DerivedItem* DerivedScene::itemAt( const QPointF &position, const QTransform &dt ) const
{
return qobject_cast< DerivedItem * >(
QGraphicsScene::itemAt(position, dt) );
}
I get the following error (Qt 4.6, GCC 4.4.3 on Ubuntut 10.4)
scene.cpp: In member function ‘DerivedItem* DerivedScene::itemAt(qreal, qreal, const QTransform&) const’:
scene.cpp:28: error: no matching function for call to ‘qobject_cast(QGraphicsItem*)’

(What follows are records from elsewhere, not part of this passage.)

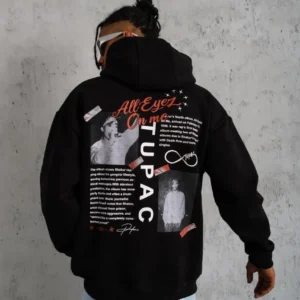 Alternative view of Erkek Ön Arka Baskılı Kapşonlu Sweat - Siyah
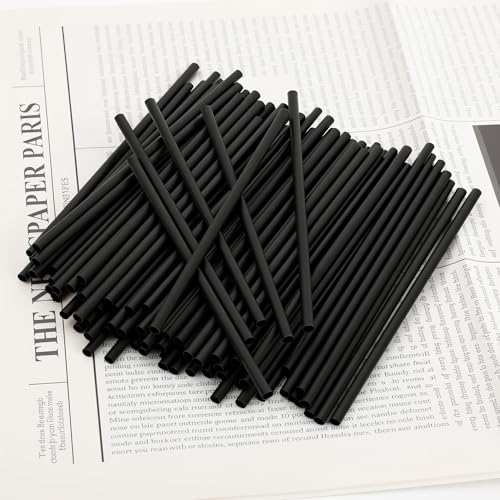 Black Plastic Cocktail Straws 5.12 Inch Pack of 100 - Disposable Drinking Straws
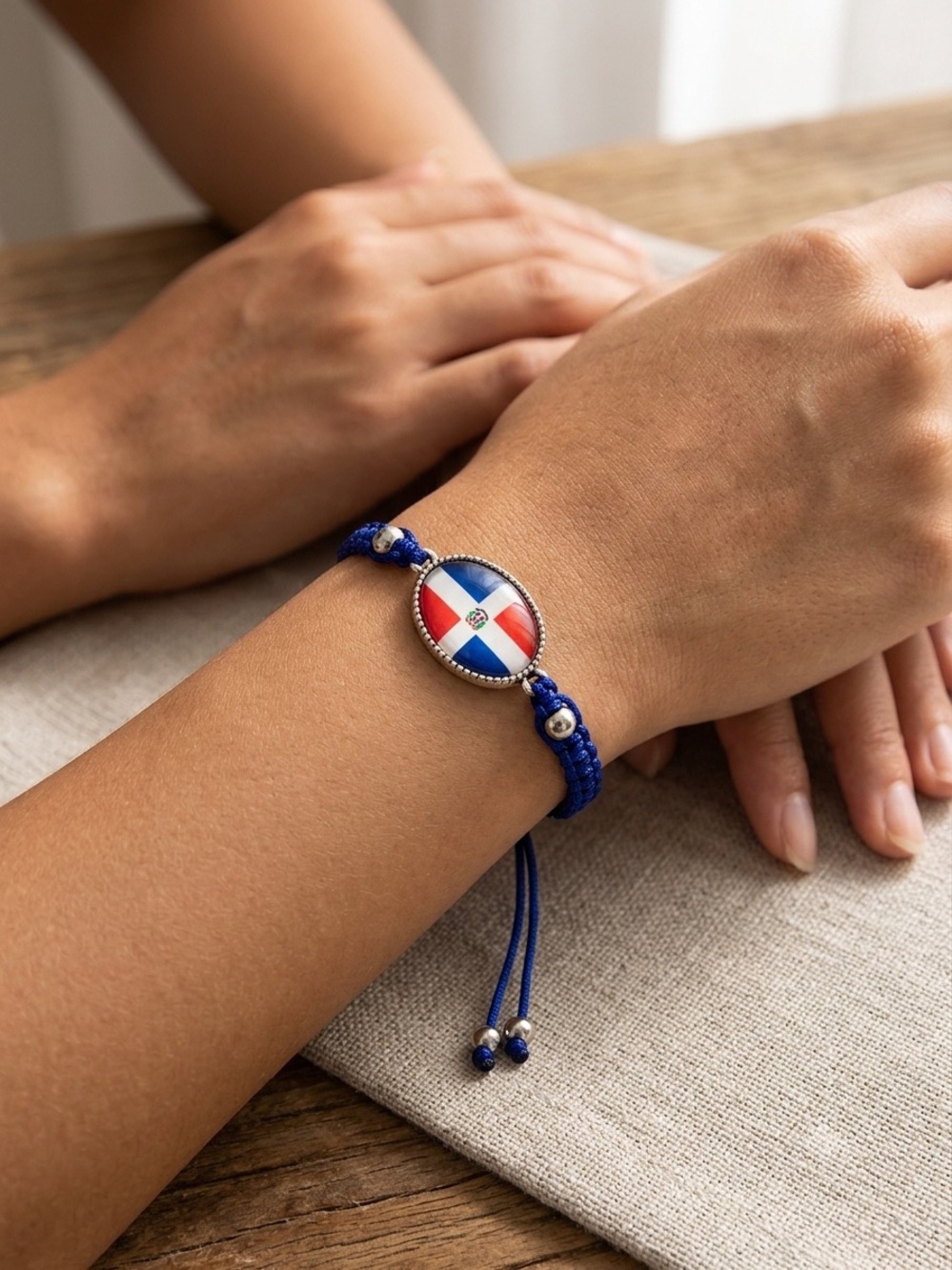 Dominican Republic Flag Braided Blue Cord Bracelet Adjustable Patriotic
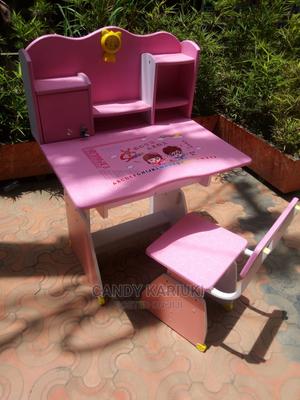 Elegant Pink Study Table Plus Chair - main view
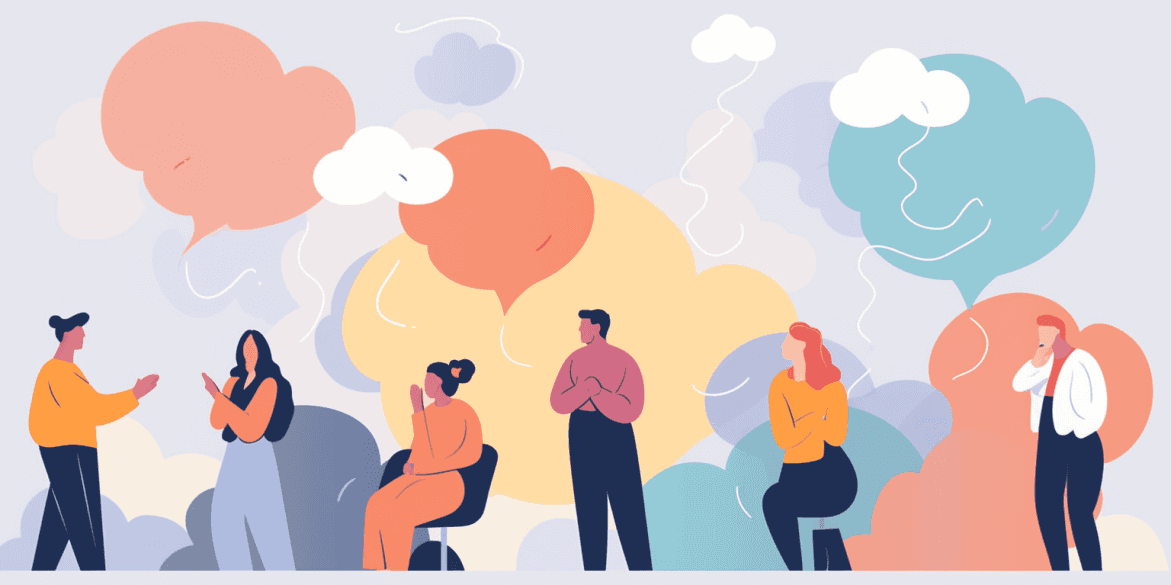 Illustration of people talking with speech bubbles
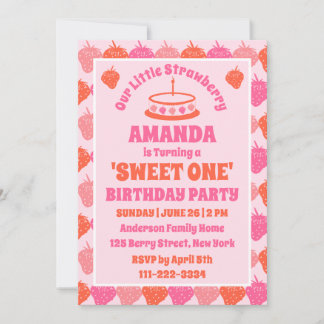 Sweet One: Retro Strawberry erste Geburtstagsparty Einladung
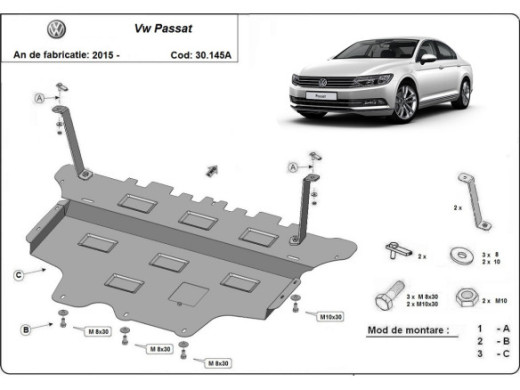 Stahl Unterfahrschutz für Motor VW Passat B8 - Automatikgetriebe (2015-2026) EANVolkswagen Passat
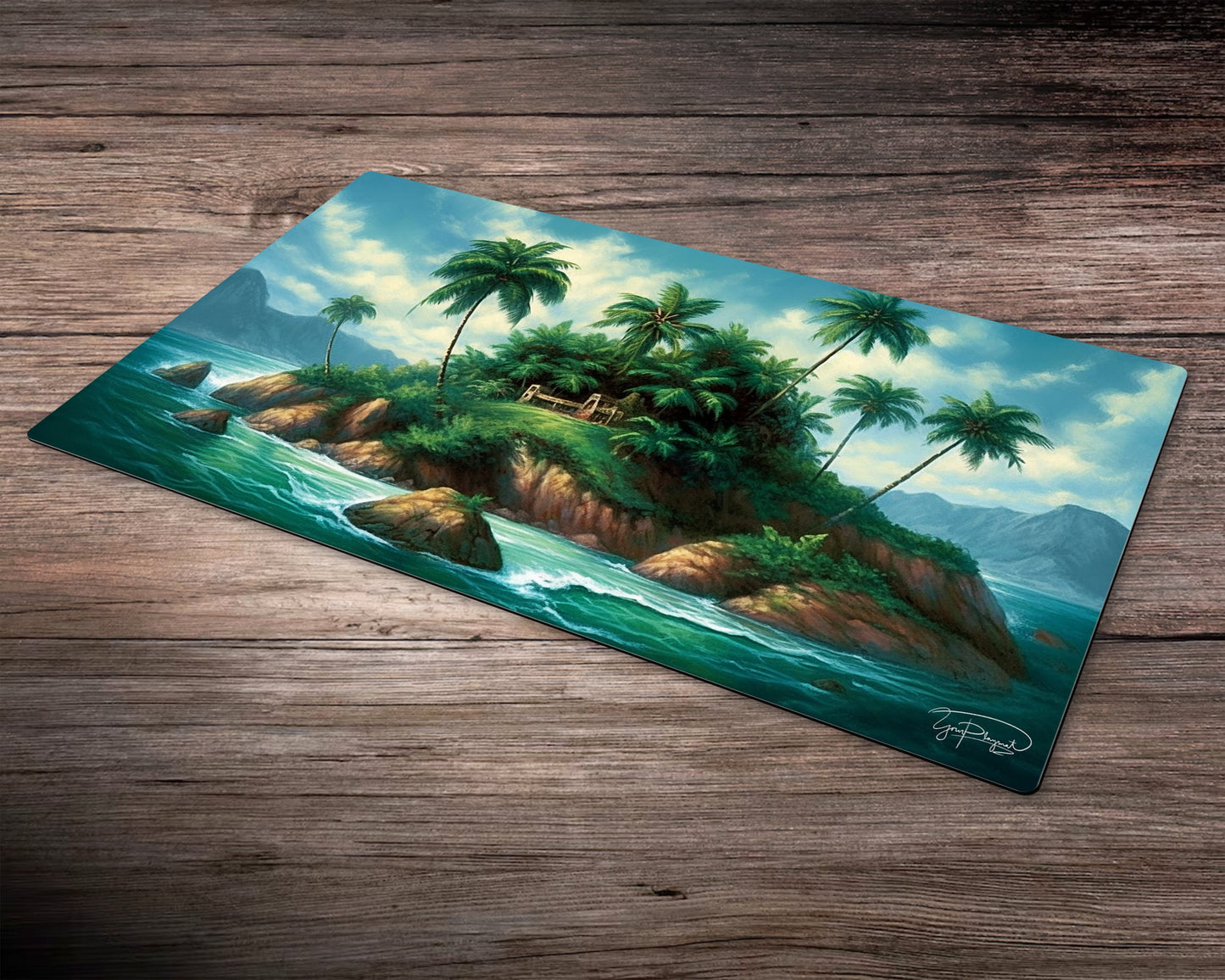 Enchanted Island of the Palms - MTG Spielmatte - 24 x 14 inches - MTG Geschenke - MTG Zubehör - Magie Tischmatte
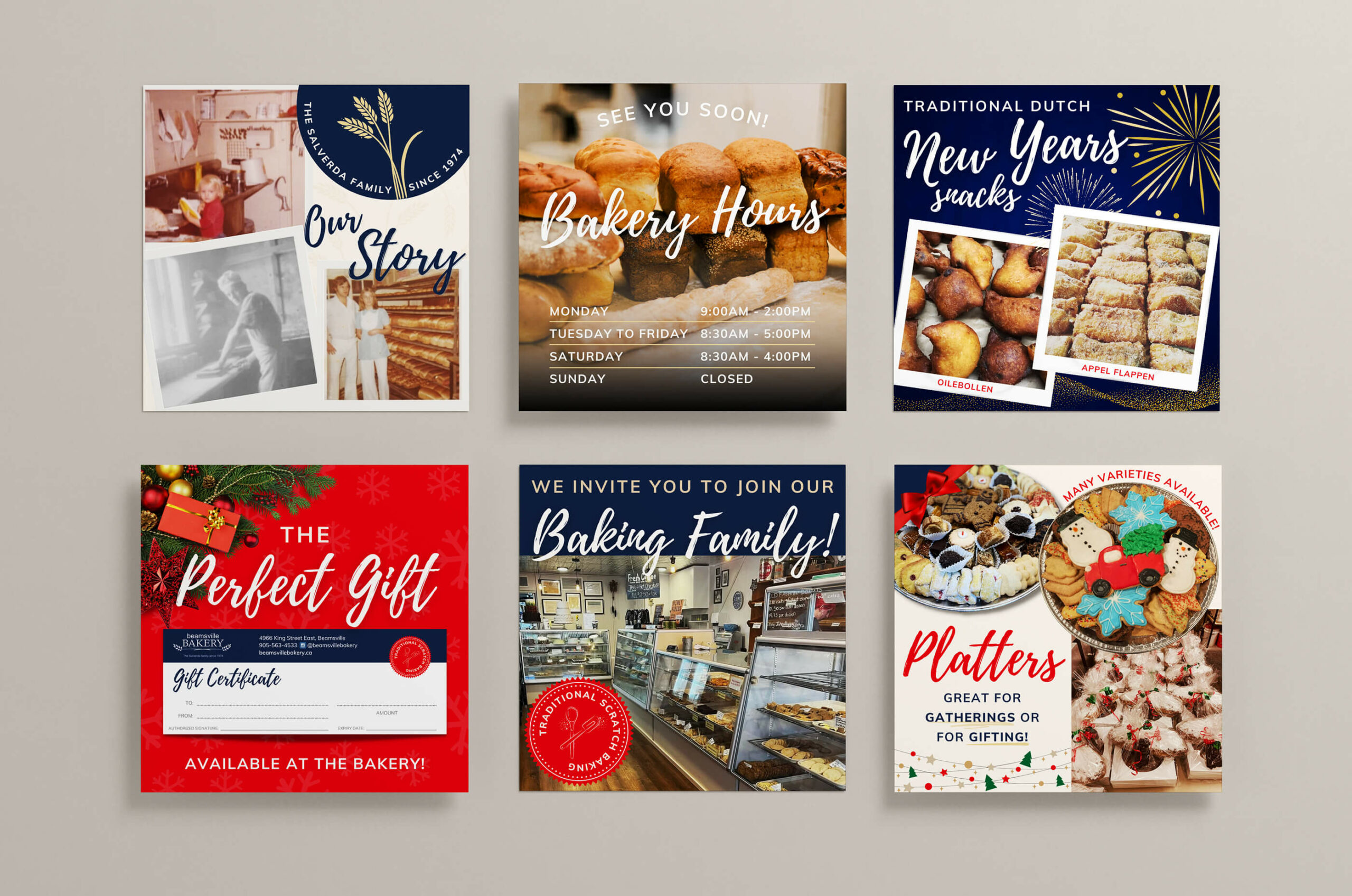 Digital Marketing and Print Designs by Tulip Tree Creative for Beamsville Bakery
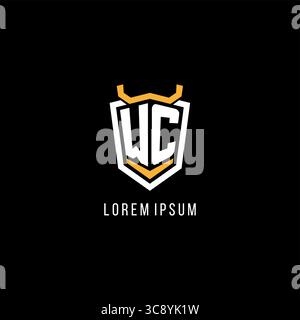 Initial WC geometric shield esport logo monogram design style vector graphic Stock Vector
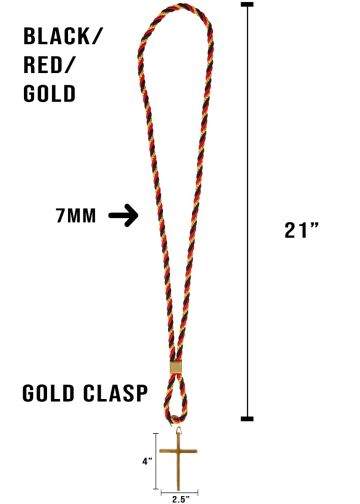Three Tone Clergy Cord (Black/Red/Metallic Gold) With Gold Cross 080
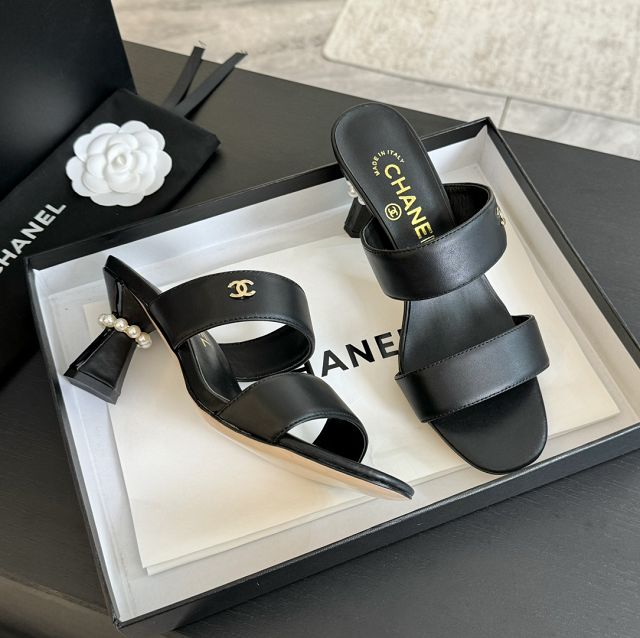 CC lambskin 65mm mules CH0228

I then noticed QGraphicsItem doesn't inherit QObject, so I made my derived QGraphicsItem class have multiple inheritance from QObject and QGraphicsItem, and after adding the Q_OBJECT macro and rebuilding the project I get the same error.
Am I going about this the wrong way? I know it's supposed to be bad design to try to cast a parent class as a child, but in this case it seems like what I want, since my derived item class has new functionality and its objects need a way to call that new functionality on items around themselves, and asking the items scene object with itemAt() seems like the best way - but I need itemAt() to return a pointer of the right type. I can get around this by having the derived items cast the QGraphicsItem * returned by QGraphicsScene::itemAt() using dynamic_cast, but I don't really understand why that works and not qobject_cast, or the benefits or disadvantages to using dynamic_cast vs. qobject_cast.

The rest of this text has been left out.